Yesterday during our faculty meeting, there were several things said that I took personally. Whether they were personally directed at me, or whether they simply felt directed at me, I will never know, but what I do know is that I got angry enough to raise my voice at a colleague and then leave the room. All of this after I just had a conversation with Andy about how I felt that this Lent, studying and writing and making big decisions, had really changed me. I was as angry with myself as I was with my colleagues.
I know that people have bad days, and I know my Wesleyan theology well enough to know that I must keep striving for perfection/sanctification. I know that’s why it’s called sanctifying grace, because it isn’t something that just happens—of course the grace to long for sanctification is a gift—but actually getting there is something that we must strive toward, giving ourself opportunities to learn along the way.

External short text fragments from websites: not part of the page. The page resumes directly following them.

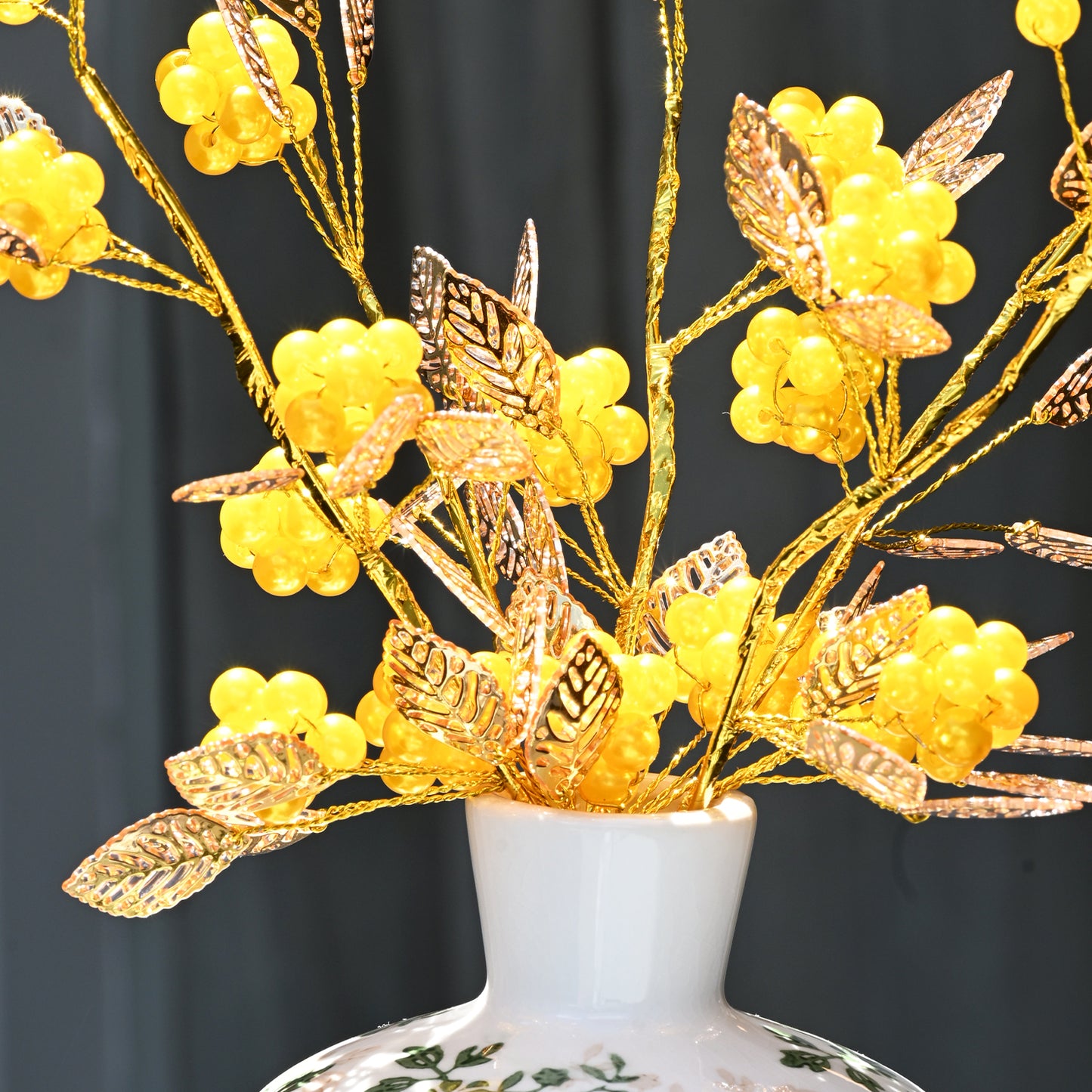 Golden Artificial Berry Stem with Metallic Leaves, Faux Red/Yellow Berry Picks K103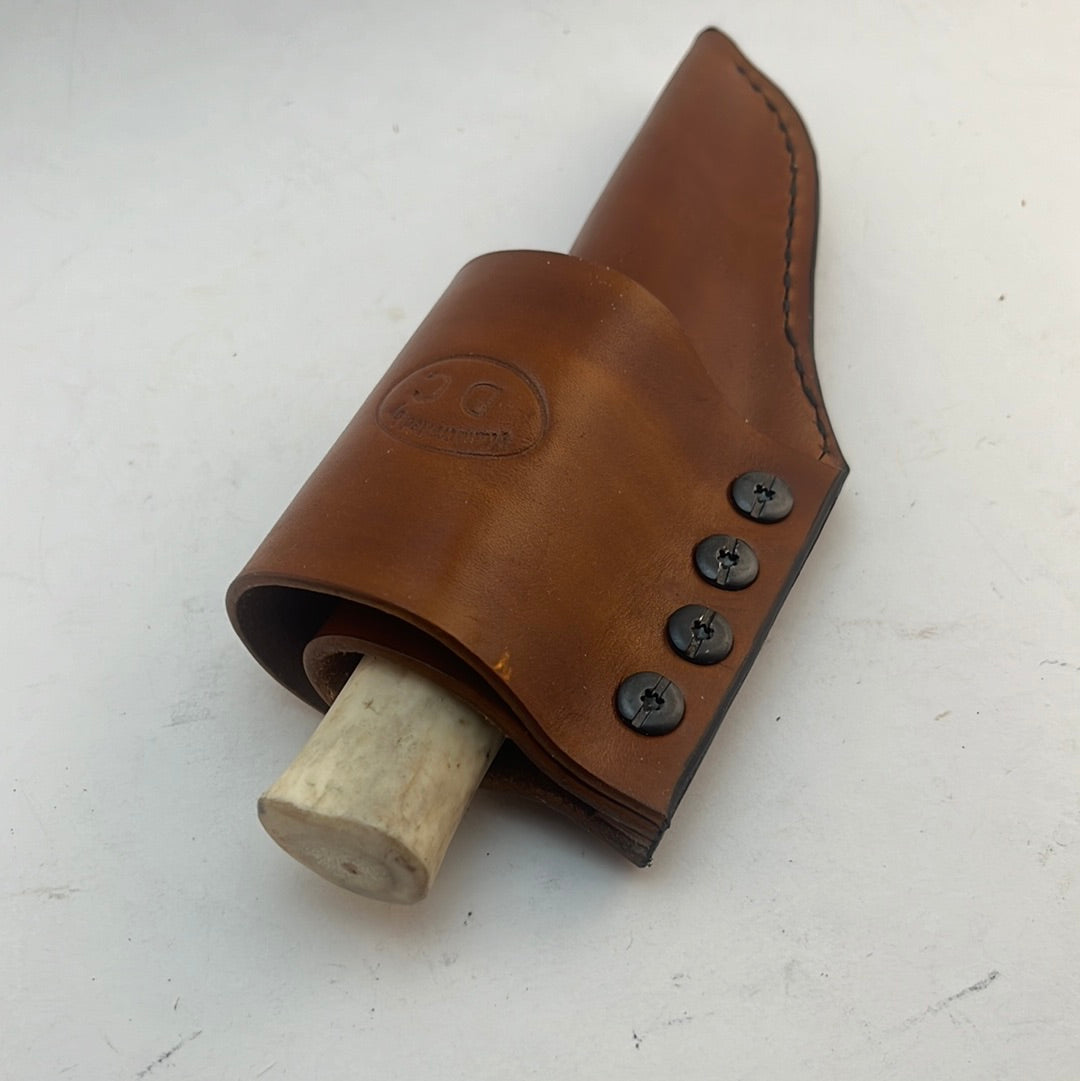 Pecks Woods Leather - Leather Spacer handle with antler pieces #77 (Scout Carry)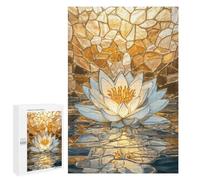 1000 PCS Rompecabezas para Adultos Water Lily Golden Mosaic Rompecabezas para Adultos Juegos De Relajación Regalos para Mujeres Regalos De Cumpleaños 1000 PCS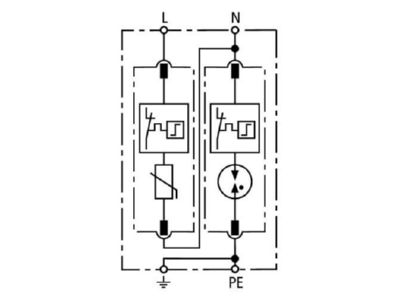 Circuit diagram 1 Dehn DG M TT 2P 320 Surge protection for power supply
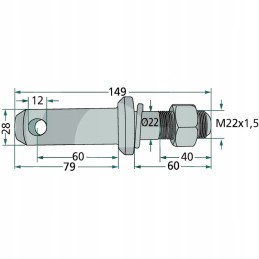 Hitch pin cat 2 m22x1 5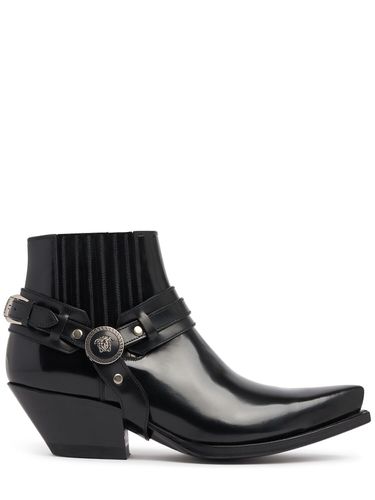 Mm Leather Western Boots - VERSACE - Modalova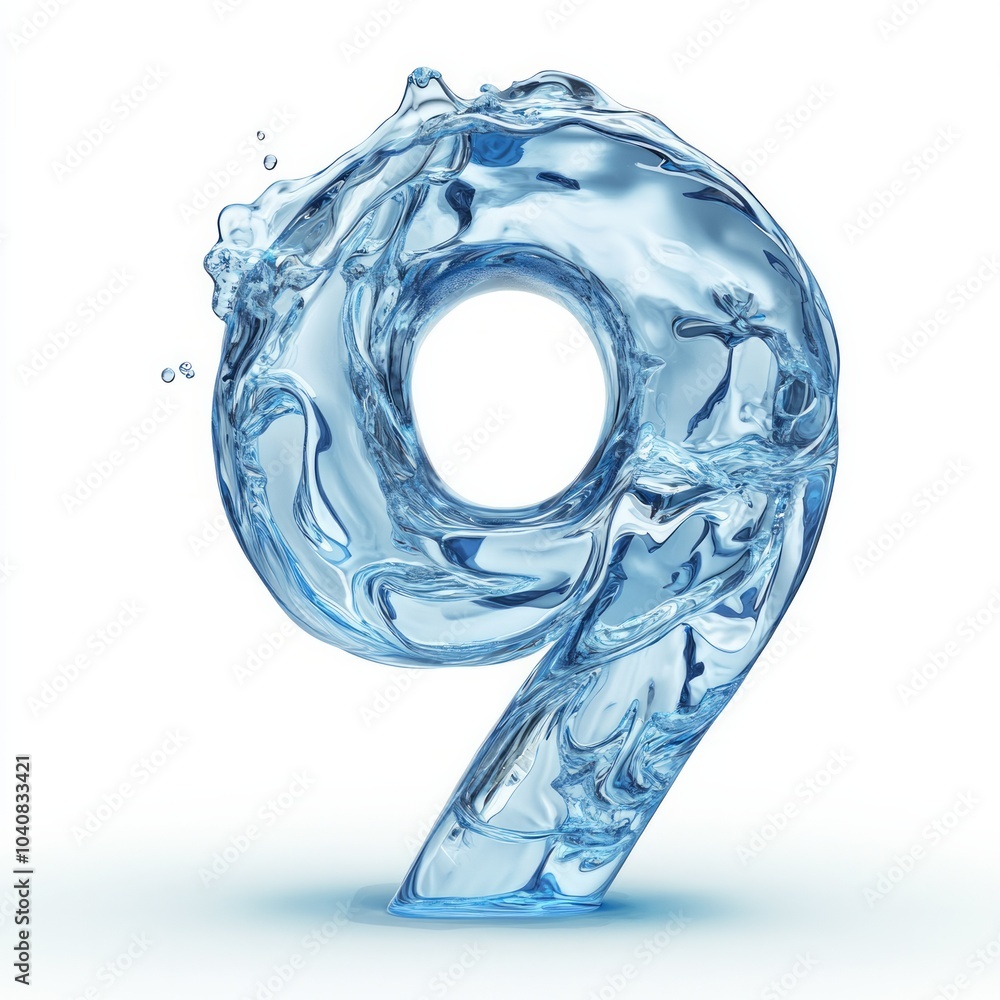 big solid number 9 water style. 3d vector on white background big solid number 9 water style. 3d vector on white background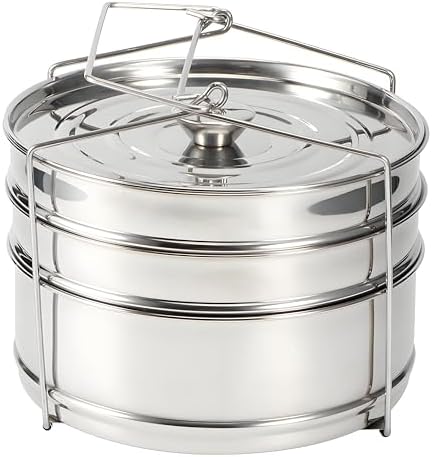 Stackable Stainless Steel Insert Pans, 6Qt Instant Pots Accessories 3 Tier Steamer Cooker Pot Set Cook Food Pressure Pot Accessories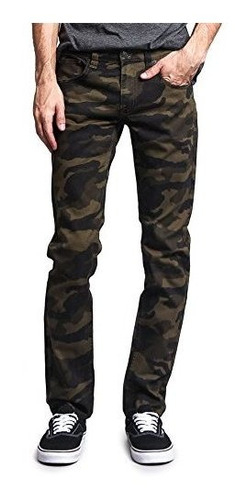 Victorious Mens Camuflaje Skinny Fit Jeans Ar169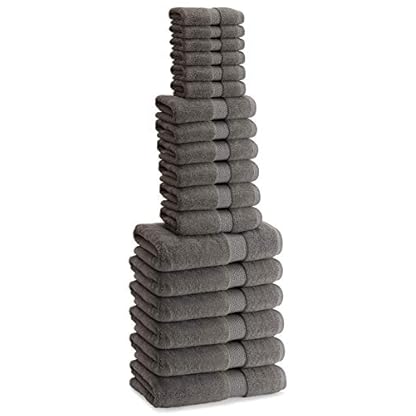 Kassatex Atelier 18-Teiliges Handtuch-Set, Hergestellt in der Türkei, 800 GSM aluminiumfarben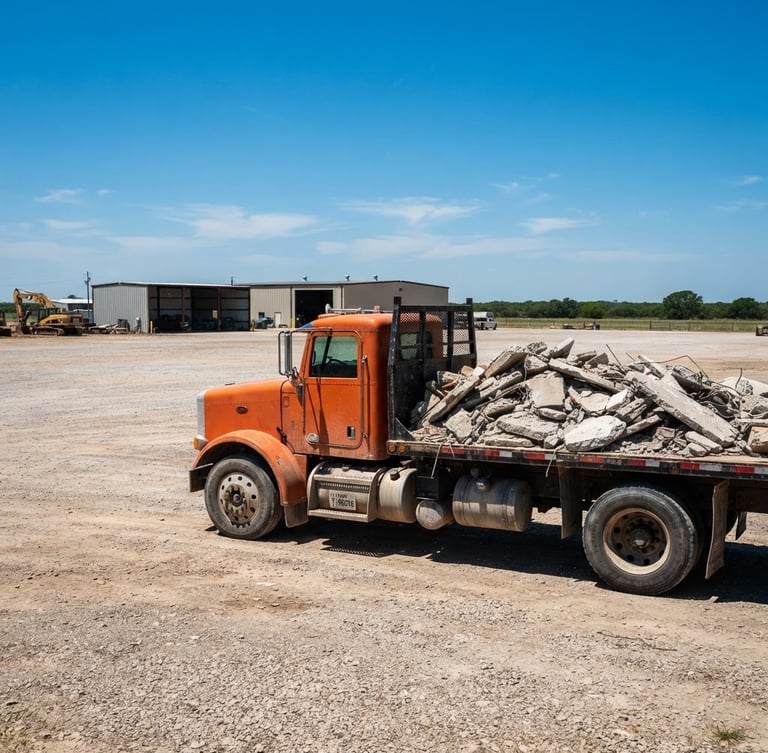 Wide shot of a heavy-duty orange flatbed truck parked in bright Texas sunlight, loaded with concrete debris, clean empty yard in background, sharp focus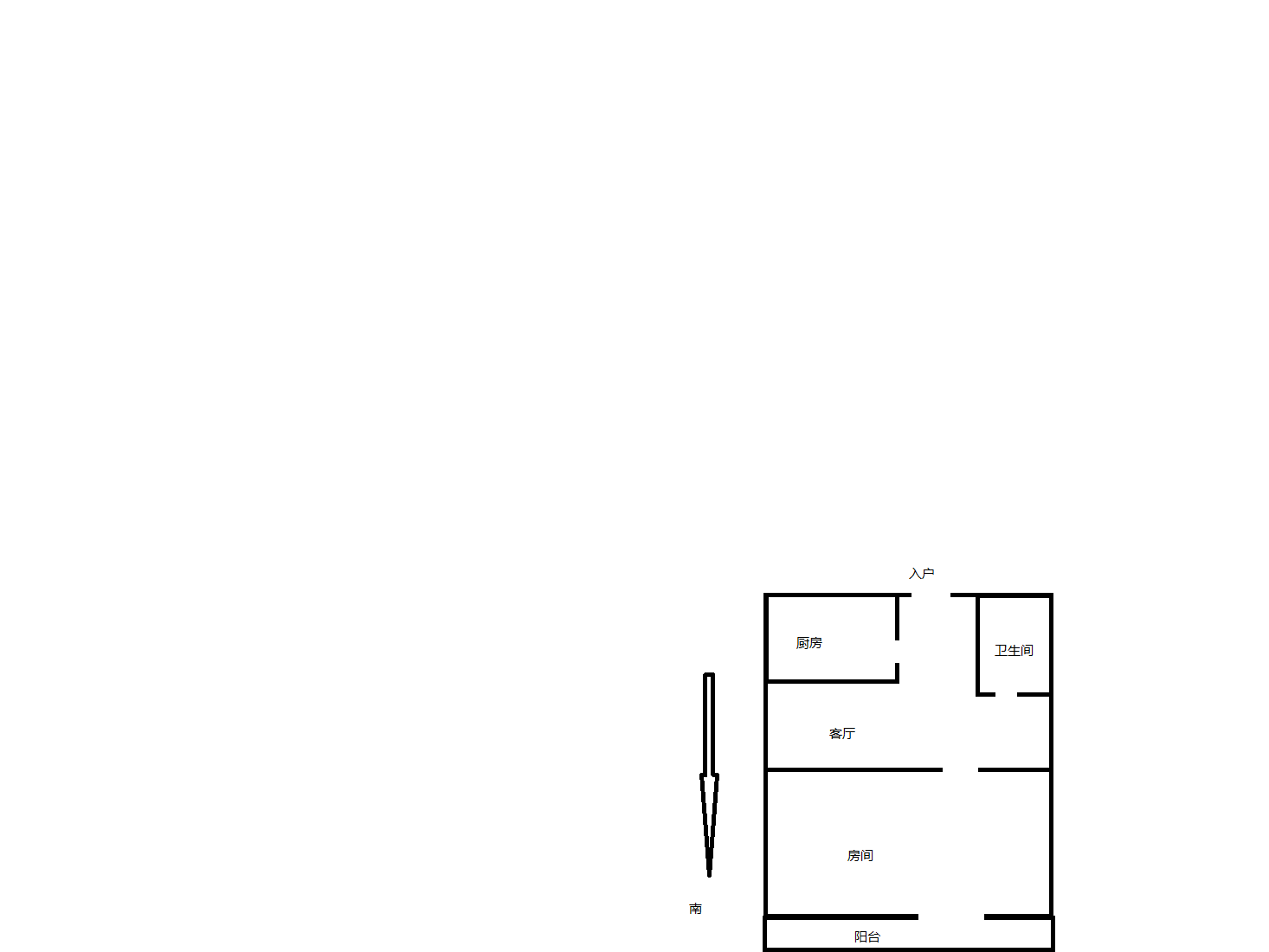 孩儿巷南路60号 1室1厅1卫 45m&sup2;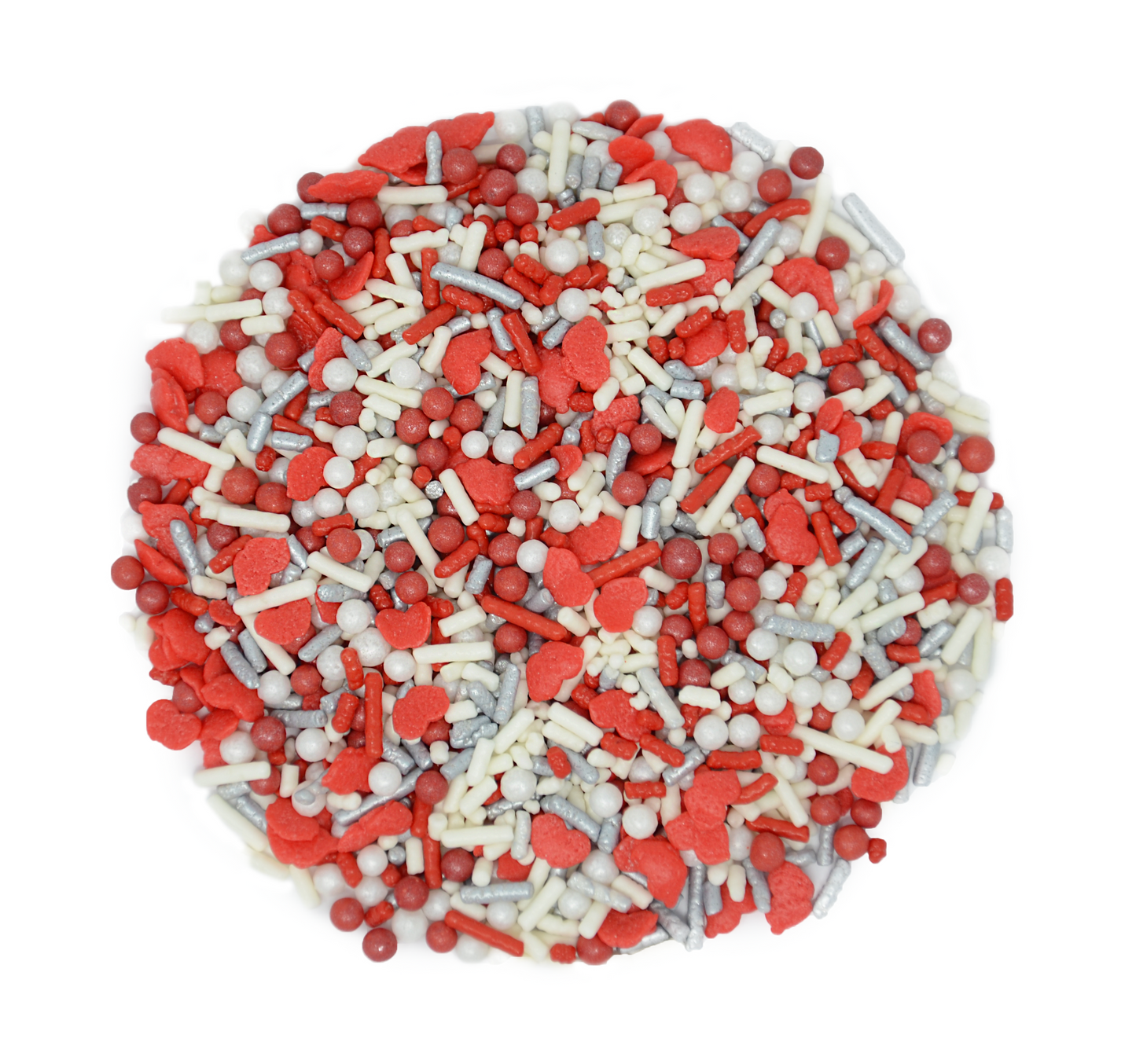 Cupid's Kiss Silver Sprinkle Mix 3.3oz Bottle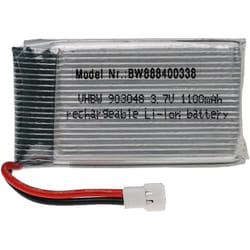 Vhbw - Batterie compatible avec connecteur XH2.54 pour modéle rc par ex. voiture de course, avion (1100mAh, 3,7V, Li-polymère, 53 x 30 x 10 mm)
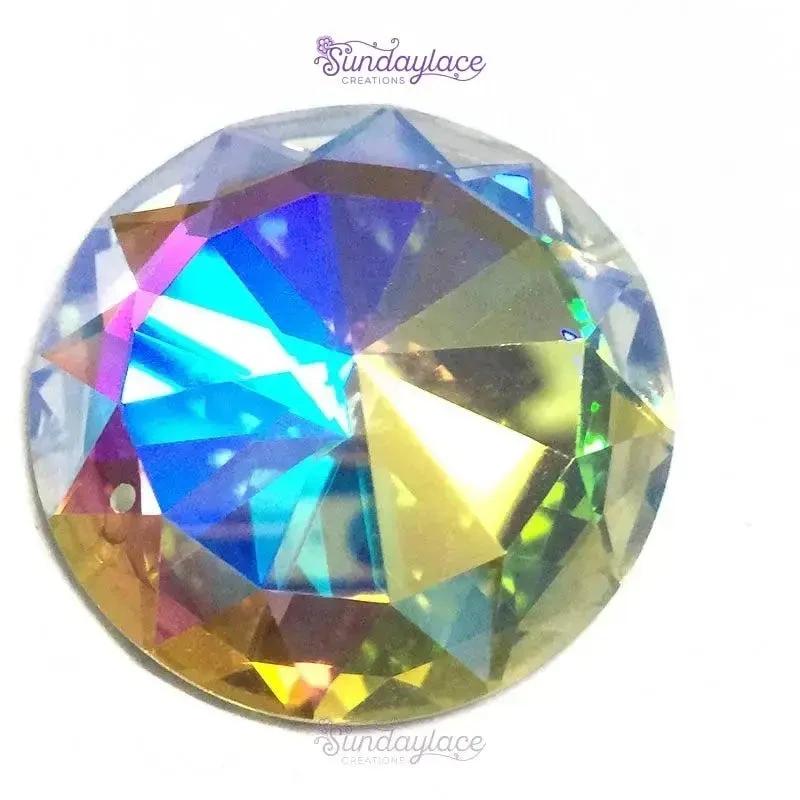 Sundaylace Creations & Bling Fancy Glass Gems 20mm 14mm, 16mm, & 20mm AB 10-point Sunbeam Flat Top Rivoli, Grade AAAAA High Quality, Sew on, Fancy Glass Gem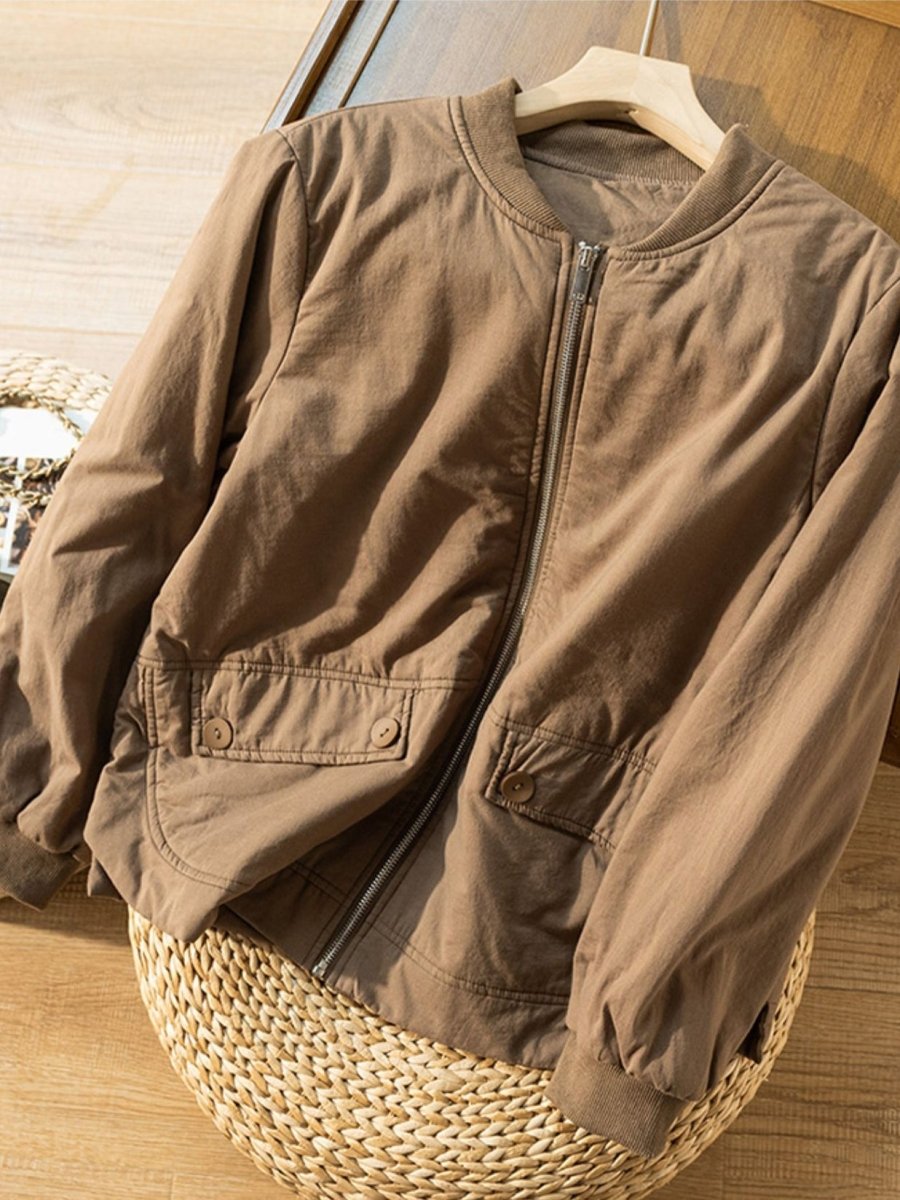 100% Natural Fabric Solid Zipper Round Neck Long Sleeve Coat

Sometimes the learning of these lessons is hard, though, and I end up eating a lot of crow.
I feel like that at some point, I should be able to put away my childlike things and behave like an adult. If you’ve read any other posts in this blog, you’ll know that I don’t really want to be an adult, and I covet those moments when I can recapture some bits of childlike innocence in play or thought. Maybe, in fact, this “dissimulation, half answers, vindictive attitudes, a false presentation of self” is really adult behavior. Maybe this is what happens to us when we become adults: we get mean. I don’t know many children who behave as badly as many of the adults I know.
I want to be one of those people I love to be around. I want to bring peace and light to every conversation. I want people to leave being with me, like I feel when I leave being with some of my friends. I want people to leave a conversation with me feeling like both of us were changed by the encounter, like we were real and present with each other, paying attention only to the moment between us. Right now, I feel really self-absorbed, distracted, aloof. I want my life to look like this: “being who we say we are, claiming our truths, opening our hearts, giving ourselves to the other pure and unglossed.” I want to exude Christ and him crucified and raised from the dead. I want to offer grace, not condemnation. Basically, I want to live in the image of God, so that I can forget I am simply clay and water, by focusing more and more on the divine breath and the way it breathes through me.